Sulle maggiori piattaforme social, da giorni, moltissimi utenti tra cui attivisti e giornalisti, hanno notato uno strano andamento tra le visualizzazioni dei loro post e storie su Instagram in cui parlano delle difficoltà e atrocità che stanno subendo i territori palestinesi e israeliani. In particolare, sembrano essere presi di mira soprattutto gli account che esprimono vicinanza alla causa palestinese, da giorni sotto “shadowban”, la pratica con la quale i social mettono in ombra determinati account. Non è un’esclusione vera e propria dalla piattaforma, ma un oscuramento temporaneo per cui l’account diventa praticamente inesistente e invisibile.

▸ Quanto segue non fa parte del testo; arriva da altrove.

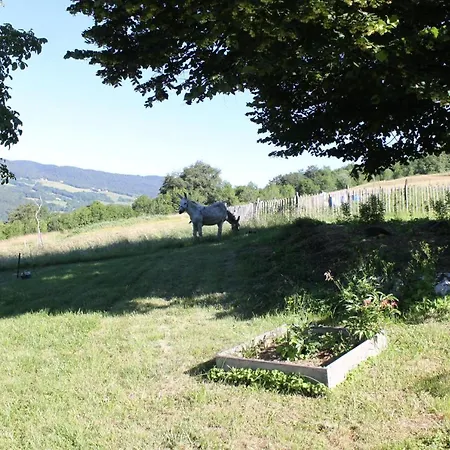 Nocleg ze śniadaniem Chez Louve Bleue Hotonnes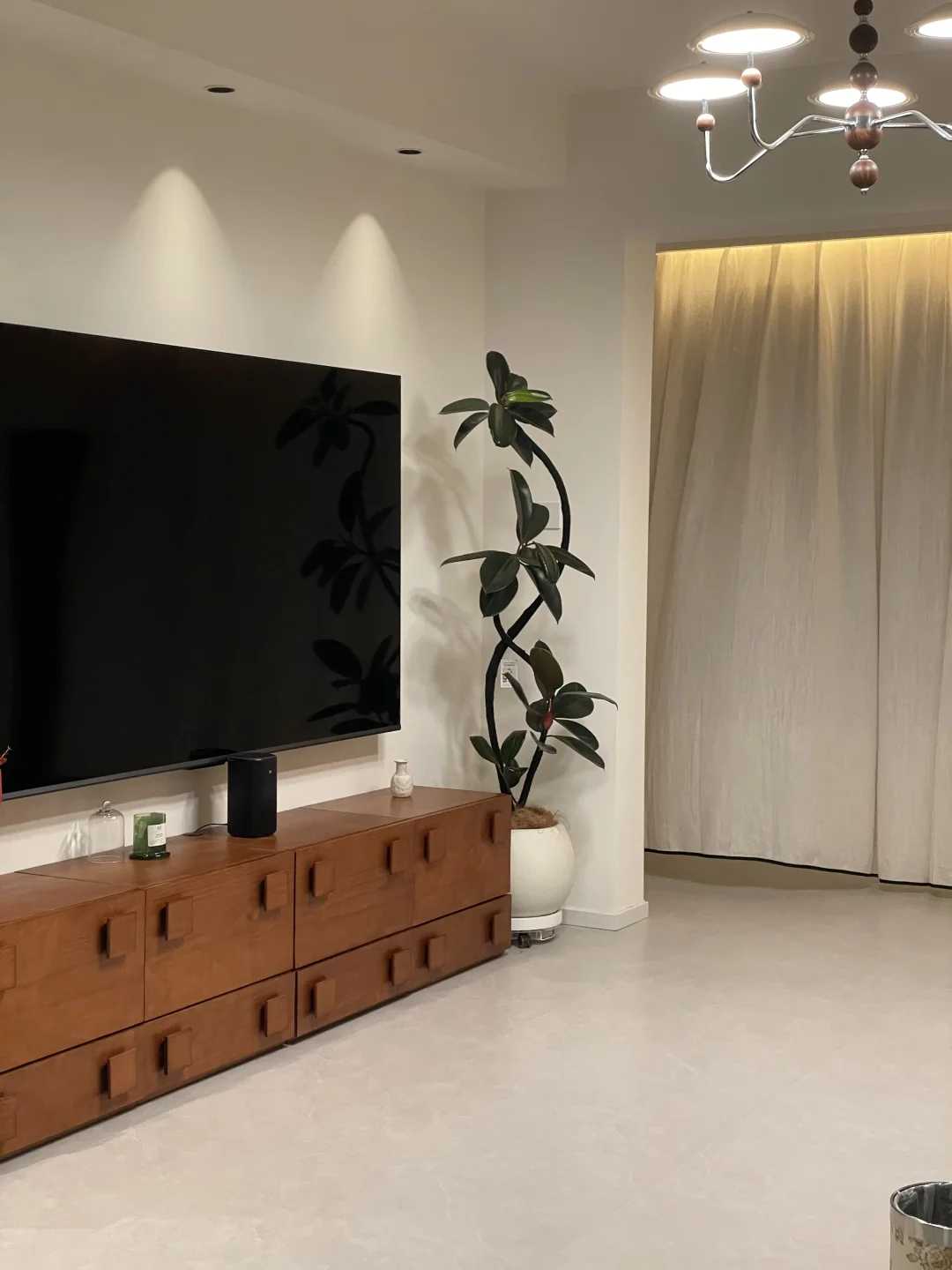 ?抄作业成功！网购绿植从未失手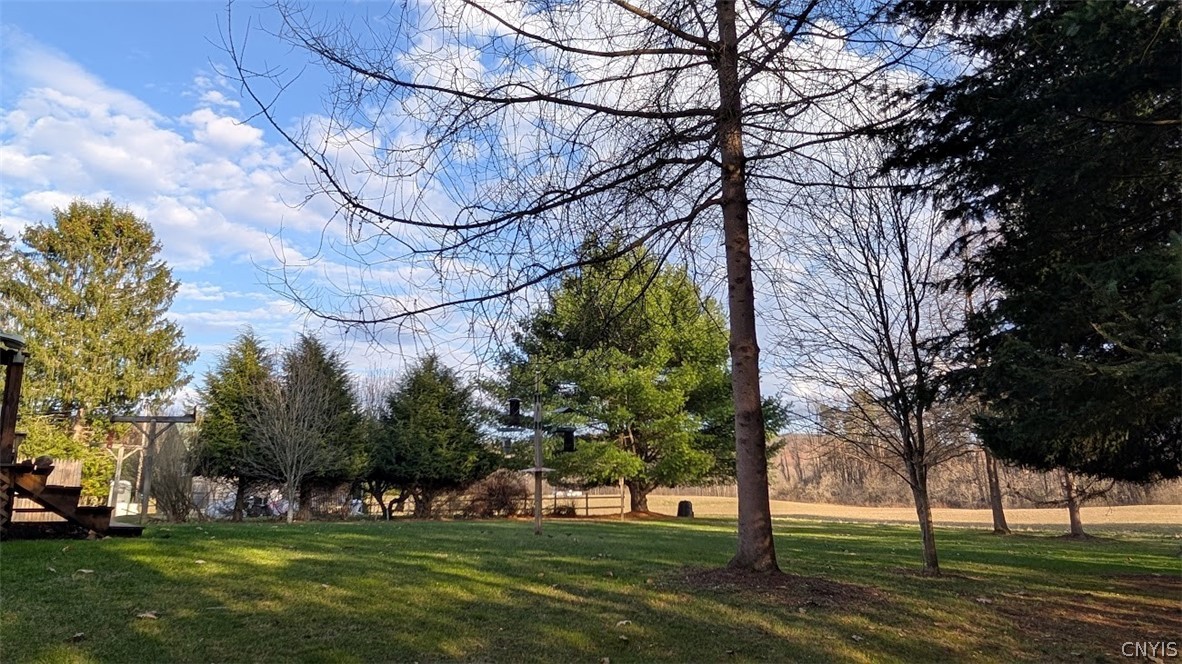 228 County Road Earlville, NY 13332 - Photo 8 of 33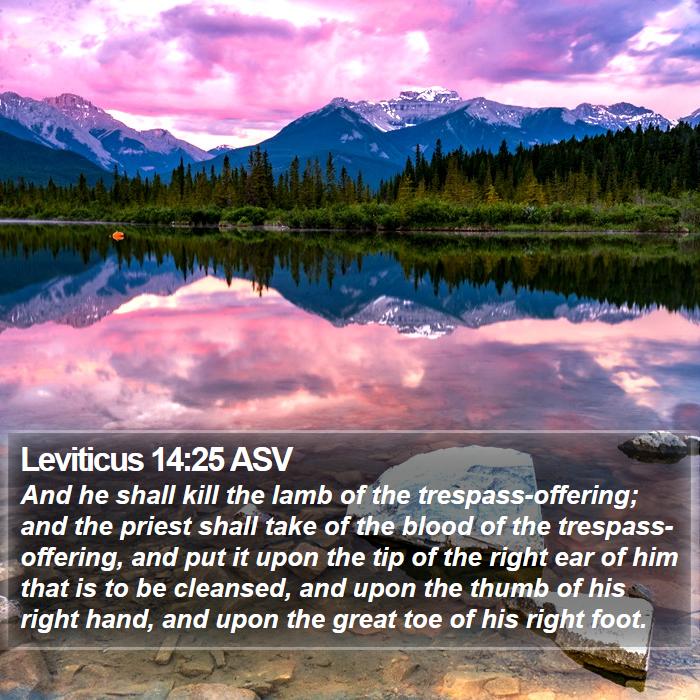 Leviticus 14:25 ASV Bible Study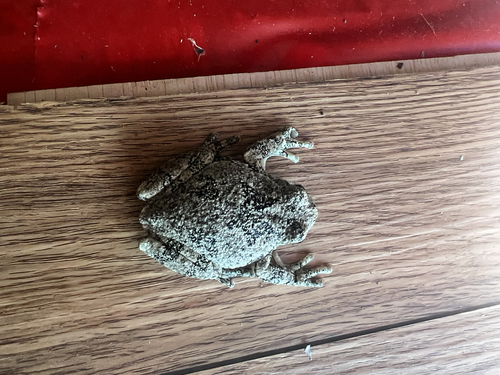 Gray Treefrog observed by ryan_kuhn
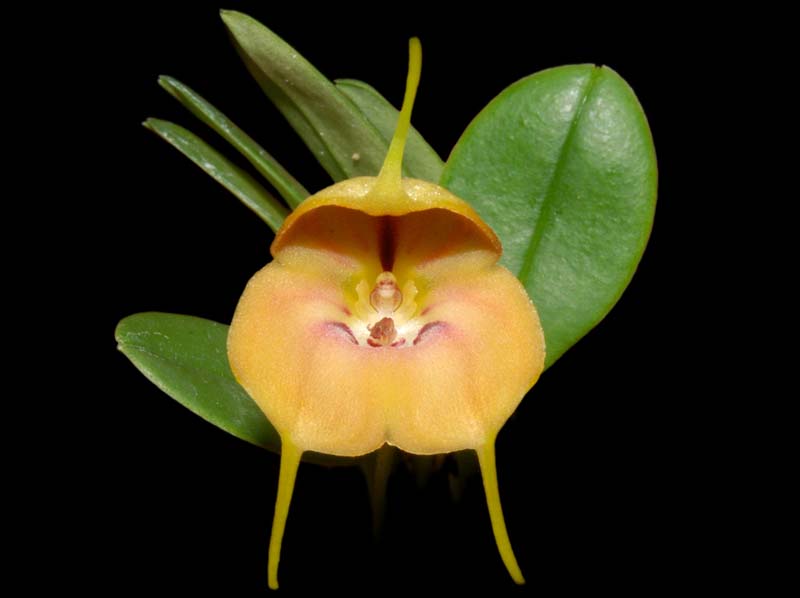 Masdevallia_tricycla_ws_cd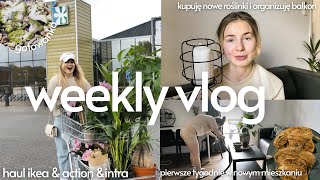 weekly vlog 🏠  haul ikea amp kringloop  nowe roślinki  organizacja balkonu 🪴🌱 [upl. by Rednirah]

Questa sorta di censura, riscontrata soprattutto dagli utenti Instagram che hanno pubblicato post pro-Palestina, ha portato alla scomparsa dei loro account dalla pagina esplora e dalla home dei propri follower, facendo così calare drasticamente le visualizzazioni delle storie – formato di post che scompare dopo 24 ore. Il problema si era già presentato, sempre nel contesto del conflitto israelo-palestinese, nell’aprile del 2022 ma questa volta le persone che raccontano di essere state “shadowbannate” sono molte di più e tra loro ci sono anche personalità che raccontano l’andamento del conflitto sui social network per lavoro, come la giornalista del New York Times Azmat Khan (vincitrice di un premio Pulitzer), che ha dichiarato di essere stata penalizzata dopo aver parlato di Gaza nelle proprie Storie.
L’arma di difesa contro la censura dei social: “l’algospeak”
Per ovviare all’oscuramento delle loro opinioni, gli utenti delle varie piattaforme social, da tempo si sono munite di un’arma di difesa: l’algospeak, una lingua inventata per non essere presi di mira dall’algoritmo, che si modifica ogni volta che certe parole vengono individuate e segnalate come offensive. Sarà capitato almeno una volta, infatti, di notare dei post sui social con scritte simili: Su1c1d1, M0rt*, H4m4s, Pal***, è una strategia volta a proteggersi dallo shadowban.
La risposta di Meta
“Non discriminiamo i contenuti” – hanno dichiarato i colossi social Meta e TikTok – “La delicatezza della situazione ha imposto di attivare gruppi specifici di moderatori per filtrare i potenziali messaggi di propaganda, l’enorme mole di contenuti condivisi moltiplica le possibilità di errore. Le affermazioni secondo cui stiamo cercando di limitare l’espressione di alcune comunità o di un certo punto di vista sono assolutamente false. Le nostre policy sono concepite per dare voce a tutti e le applichiamo indipendentemente da chi posta o dalle opinioni personali degli utenti”.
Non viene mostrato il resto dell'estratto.